Inflation is bad sign for tech companies and other high-growth stocks as rampant inflation should lead to rising interest rates. This would then impact valuations, as tech stocks are usually priced against their future earnings. Any increase in the interest rate, which is used as the base assumption, would reduce the emphasis put on these future earnings.
Put simply if a company grows at 5% per year, but interest rates rise from 0% to 3%, the relative value of these future earnings has dropped from 5 percentage points to 2 percentage points.
Sandra Holdsworth, head of rates UK at Aegon Asset Management, said that speculation regarding the outcome of the next Federal Open Monetary Committee will now “run rife”, with markets pricing in as many as four rate rises this year already.
“With inflation at these levels and still not expected to have peaked, it’s hard to argue whether 25 basis points, 50 basis points or even more is the right response from the central bank,” she said.
Yet there are reasons to be optimistic too. Some technology stocks have been so badly hit that they border on cheap. Netflix, for example, is down more than 30% this year alone.
For those that can’t tolerate the risk, there are also tech companies that have weathered the storm. Apple and Alphabet or example have lost less than 4% each this year at a time when tech stocks have tumbled.
Stock pickers told Trustnet that all of these stocks could be good investments going forward, regardless of the macroeconomic environment.
Meanwhile, despite the tough environment, Baillie Gifford announced this week that it was doubling down on private companies.
The firm, which is synonymous with growth investing, has increased the amount its trusts can hold in private companies over recent months, essentially taking on more risk in the expectation that these conditions will not last forever.

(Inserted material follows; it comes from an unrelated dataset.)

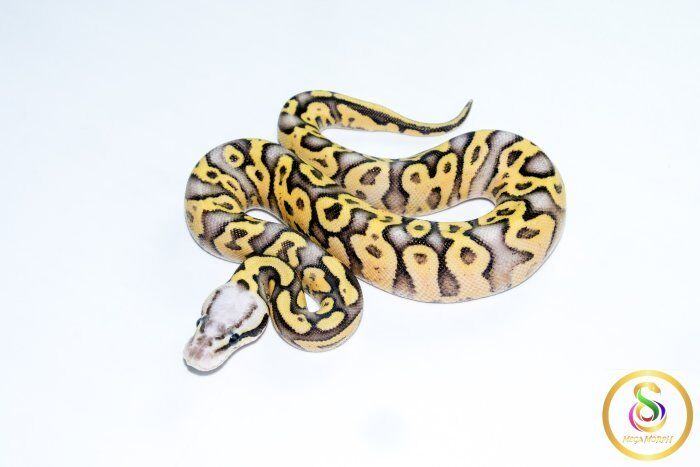 6769 0.1 SUPER PASTEL GRAVEL - Image 1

Not everyone agreed however. Earlier this week Eve Maddock-Jones spoke to experts about the oil majors after encouraging results from both BP and Shell.
Highlights include IG’s Chris Beauchamp using the phrase “from famine to feast” and Fairview Investing’s co-founder Ben Yearsley asking and answering his own question: “Should you be investing in oil when the world is trying to decarbonise? The simple answer is yes.”
Maddock-Jones also explored the other sectors that should do well in the current inflationary environment, including financials, miners and infrastructure specialists.
All of these can provide protection from rising prices and should prosper if tech continues to stumble – something that may look like a forgone conclusion, but is by no means guaranteed.